Predictive Image Detection - CIFAR-10 Dataset - Neural Network Model
CIFAR-10 Dataset Convolutional Neural Network Experimentation - Northwestern Consulting Research for Company XYZ
Paul Kellar
MSDS 458: Artificial Intelligence and Deep Learning
4/25/23
Abstract
Given the successful implementation of a neural network model for Company XYZ in part one of Northwestern Consulting’s research contract with them, the goal of this specific deep learning research project is to further our knowledge and understanding of neural networks - this time by experimenting with the inner workings of deep neural networks (DNNs) versus convolutional neural networks (CNNs). This project leverages another popular computer vision-focused dataset known as CIFAR-10, made up of 60,000 images of the following ten classes: airplanes, automobiles, birds, cats, deer, dogs, frogs, horses, ships and trucks. Northwestern Consulting has again been tasked by Company XYZ to build a proof-of-concept, optimized neural network with the purpose of discriminating and predicting different images by the CIFAR-10 pixel data (with the long-term objective of expanding such modeling applications to other use cases at the company). In order to do so, Northwestern Consulting explores various types of neural network frameworks upon this dataset, including iterations of DNNs as well as a plethora of CNNs to compare predictive performance on validation data.
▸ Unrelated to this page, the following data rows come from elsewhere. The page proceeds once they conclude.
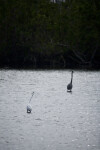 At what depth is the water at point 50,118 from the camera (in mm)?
18734

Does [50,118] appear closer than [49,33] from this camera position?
Yes

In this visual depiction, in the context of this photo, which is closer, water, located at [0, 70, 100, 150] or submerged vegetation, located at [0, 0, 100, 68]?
water, located at [0, 70, 100, 150]

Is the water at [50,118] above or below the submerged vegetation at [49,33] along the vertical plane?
above

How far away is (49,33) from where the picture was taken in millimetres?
78250

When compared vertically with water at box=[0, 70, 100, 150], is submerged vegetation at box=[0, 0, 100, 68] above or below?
below

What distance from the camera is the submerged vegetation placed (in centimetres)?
6994

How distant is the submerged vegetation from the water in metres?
30.7

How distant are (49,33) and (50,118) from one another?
5497 centimetres

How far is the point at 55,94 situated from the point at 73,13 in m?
39.0

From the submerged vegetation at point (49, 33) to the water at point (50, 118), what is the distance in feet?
101

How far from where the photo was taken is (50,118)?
2373 centimetres

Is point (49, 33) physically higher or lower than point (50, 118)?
lower

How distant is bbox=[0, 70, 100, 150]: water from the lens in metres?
18.7

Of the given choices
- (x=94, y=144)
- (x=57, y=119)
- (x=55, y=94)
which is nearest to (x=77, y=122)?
(x=57, y=119) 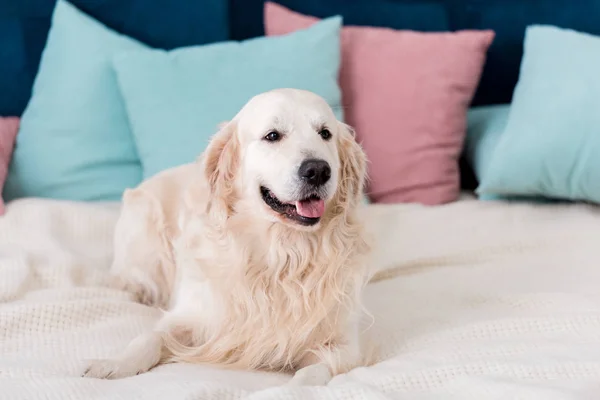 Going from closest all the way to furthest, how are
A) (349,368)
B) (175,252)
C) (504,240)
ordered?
(349,368) < (175,252) < (504,240)

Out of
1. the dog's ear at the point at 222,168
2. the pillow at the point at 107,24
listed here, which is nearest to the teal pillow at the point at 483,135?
the pillow at the point at 107,24

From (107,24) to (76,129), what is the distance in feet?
1.61

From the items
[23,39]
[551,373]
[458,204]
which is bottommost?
[458,204]

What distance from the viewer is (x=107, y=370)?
1182 millimetres

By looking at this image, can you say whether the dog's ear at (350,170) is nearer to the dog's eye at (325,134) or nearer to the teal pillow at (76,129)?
the dog's eye at (325,134)

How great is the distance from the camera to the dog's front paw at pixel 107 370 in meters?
1.17

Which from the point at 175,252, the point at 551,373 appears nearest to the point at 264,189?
the point at 175,252

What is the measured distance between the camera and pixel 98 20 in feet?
8.10

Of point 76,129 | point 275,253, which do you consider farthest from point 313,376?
point 76,129

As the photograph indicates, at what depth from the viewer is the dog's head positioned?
1.26 m

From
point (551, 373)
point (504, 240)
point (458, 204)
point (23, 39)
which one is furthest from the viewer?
point (23, 39)

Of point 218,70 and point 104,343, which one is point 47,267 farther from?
point 218,70

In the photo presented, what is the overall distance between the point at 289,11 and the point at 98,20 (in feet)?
2.37

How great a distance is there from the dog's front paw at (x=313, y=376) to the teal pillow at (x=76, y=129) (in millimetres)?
1254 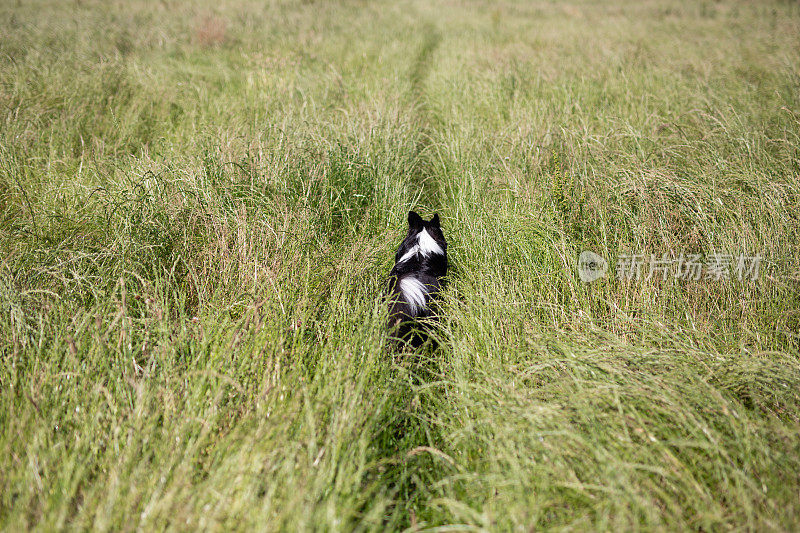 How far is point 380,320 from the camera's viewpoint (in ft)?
5.30

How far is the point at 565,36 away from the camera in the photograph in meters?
7.77

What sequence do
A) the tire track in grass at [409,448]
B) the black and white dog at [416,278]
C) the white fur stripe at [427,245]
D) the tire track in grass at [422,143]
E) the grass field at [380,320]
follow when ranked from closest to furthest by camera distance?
1. the grass field at [380,320]
2. the tire track in grass at [409,448]
3. the black and white dog at [416,278]
4. the white fur stripe at [427,245]
5. the tire track in grass at [422,143]

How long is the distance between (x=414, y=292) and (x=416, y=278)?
127mm

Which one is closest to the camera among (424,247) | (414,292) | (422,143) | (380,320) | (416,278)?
(380,320)

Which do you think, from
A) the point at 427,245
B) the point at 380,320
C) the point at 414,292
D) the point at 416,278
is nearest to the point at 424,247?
the point at 427,245

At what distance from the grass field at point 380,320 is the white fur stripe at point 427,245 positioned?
0.24 metres

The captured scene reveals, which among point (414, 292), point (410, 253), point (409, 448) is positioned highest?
point (410, 253)

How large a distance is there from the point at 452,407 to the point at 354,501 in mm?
523

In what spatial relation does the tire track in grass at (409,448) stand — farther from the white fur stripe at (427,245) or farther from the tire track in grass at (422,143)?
the tire track in grass at (422,143)

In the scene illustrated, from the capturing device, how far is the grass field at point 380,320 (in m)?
1.02

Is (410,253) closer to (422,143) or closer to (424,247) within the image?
(424,247)

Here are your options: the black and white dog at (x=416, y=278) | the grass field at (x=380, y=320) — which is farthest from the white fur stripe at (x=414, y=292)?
the grass field at (x=380, y=320)

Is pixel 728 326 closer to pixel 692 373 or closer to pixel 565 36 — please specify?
pixel 692 373

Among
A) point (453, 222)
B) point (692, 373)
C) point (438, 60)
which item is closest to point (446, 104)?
point (453, 222) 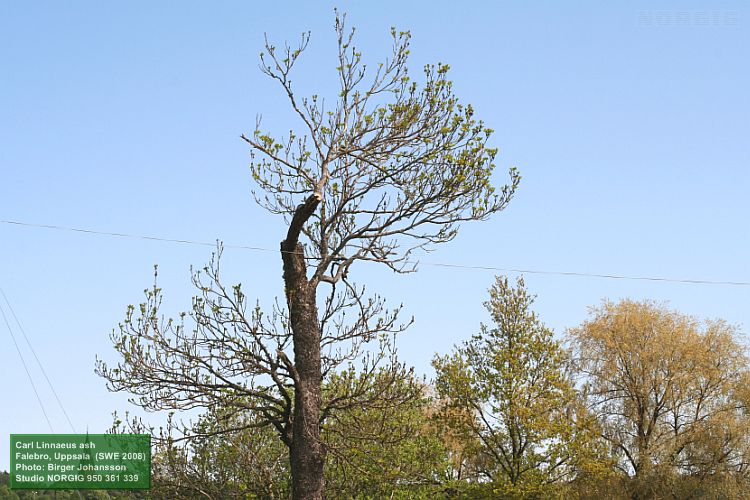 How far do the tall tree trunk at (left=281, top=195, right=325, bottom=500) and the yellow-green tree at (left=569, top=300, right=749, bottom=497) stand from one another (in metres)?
16.7

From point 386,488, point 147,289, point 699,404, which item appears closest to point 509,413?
point 386,488

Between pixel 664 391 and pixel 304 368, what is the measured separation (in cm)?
1801

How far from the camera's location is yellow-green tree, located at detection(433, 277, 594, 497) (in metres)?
19.9

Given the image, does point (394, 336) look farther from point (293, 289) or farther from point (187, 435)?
point (187, 435)

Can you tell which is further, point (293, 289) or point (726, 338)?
point (726, 338)

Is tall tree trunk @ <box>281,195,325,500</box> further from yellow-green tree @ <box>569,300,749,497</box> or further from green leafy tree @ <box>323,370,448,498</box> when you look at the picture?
yellow-green tree @ <box>569,300,749,497</box>

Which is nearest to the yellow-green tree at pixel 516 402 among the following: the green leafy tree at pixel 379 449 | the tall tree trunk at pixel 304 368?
the green leafy tree at pixel 379 449

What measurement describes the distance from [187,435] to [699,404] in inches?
758

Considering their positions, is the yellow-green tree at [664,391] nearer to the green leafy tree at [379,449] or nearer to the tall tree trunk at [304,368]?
the green leafy tree at [379,449]

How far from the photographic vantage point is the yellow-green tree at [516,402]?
65.3 ft

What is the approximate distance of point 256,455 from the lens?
11.9 meters

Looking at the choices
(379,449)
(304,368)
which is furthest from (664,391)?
(304,368)

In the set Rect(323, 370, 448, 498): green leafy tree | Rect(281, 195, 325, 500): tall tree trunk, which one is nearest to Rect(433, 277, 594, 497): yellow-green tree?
Rect(323, 370, 448, 498): green leafy tree

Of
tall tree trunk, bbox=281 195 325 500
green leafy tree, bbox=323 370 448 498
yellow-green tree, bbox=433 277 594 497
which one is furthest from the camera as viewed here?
yellow-green tree, bbox=433 277 594 497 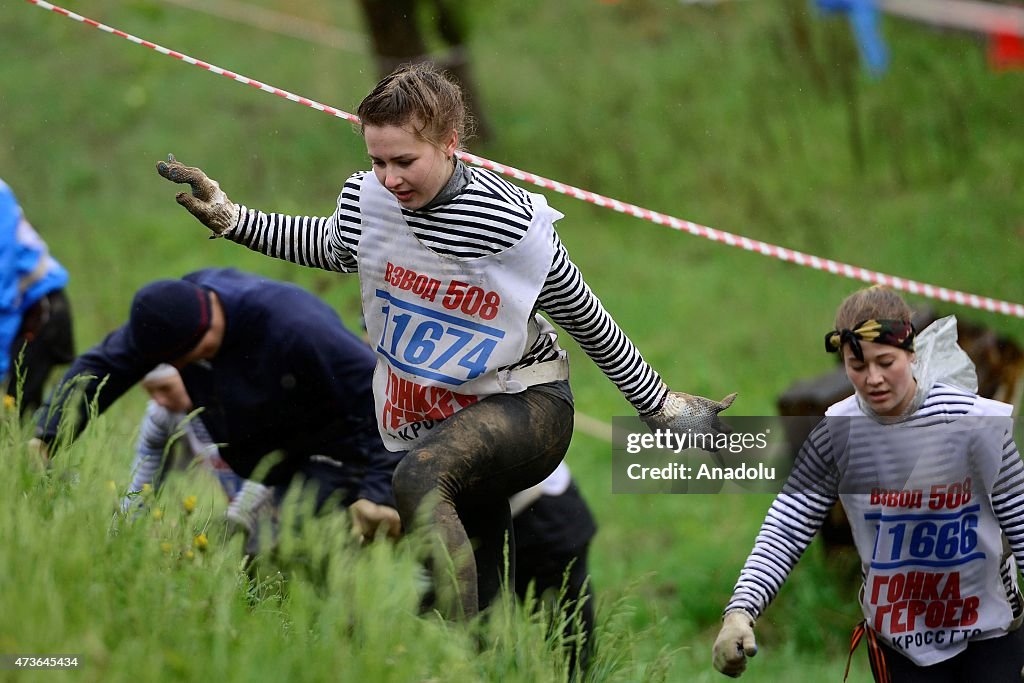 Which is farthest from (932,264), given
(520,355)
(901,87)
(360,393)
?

As discussed within the Literature Review, CNNs excel at extracting localized patterns from image data, as well as spatial hierarchical representations via shared node weights. For both DNN and CNN frameworks, Northwestern Consulting tests the number of layers leveraged in model architectures, the use of regularizer and dropout functions to penalize overfitting, and the number of input nodes in order to converge upon an optimized model for predicting CIFAR-10 images.
Introduction
Company XYZ seeks to expand its usage of neural networks for computer vision predictive purposes - specifically in terms of building image recognition algorithms that can disseminate objects, such as ships versus airplanes versus trucks. Thus, Northwestern Consulting has provided various proof-of-concept models for this purpose based on the CIFAR-10 dataset as an open-source image data source. This dataset is made up of 60,000 images (50,000 for training and 10,000 for validation), which provides an ample sample size of data to test various model architectures within the DNN and CNN frameworks. Evaluation metrics such as validation accuracy, validation loss, root mean squared error (RMSE), and F-1 were leveraged in order to select a model, specifically in terms of the following experiments:
Experiment 1: DNN with 256 input units, 2 hidden layers (no regularization) and 10 output nodes
Experiment 2: DNN with 256 input units, 3 hidden layers (no regularization) and 10 output nodes
Experiment 3: CNN with 256 input units, 2 hidden layers (no regularization) and 10 output nodes
Experiment 4: CNN with 256 input units, 3 hidden layers (no regularization) and 10 output nodes
Experiment 5a-5d: Redoing experiments 1-4, with L2 regularization and dropout
Experiment 5e: CNN with 128 input units, 3 hidden layers, and regularization and dropout (L2-regularization and a Global Average Pooling layer)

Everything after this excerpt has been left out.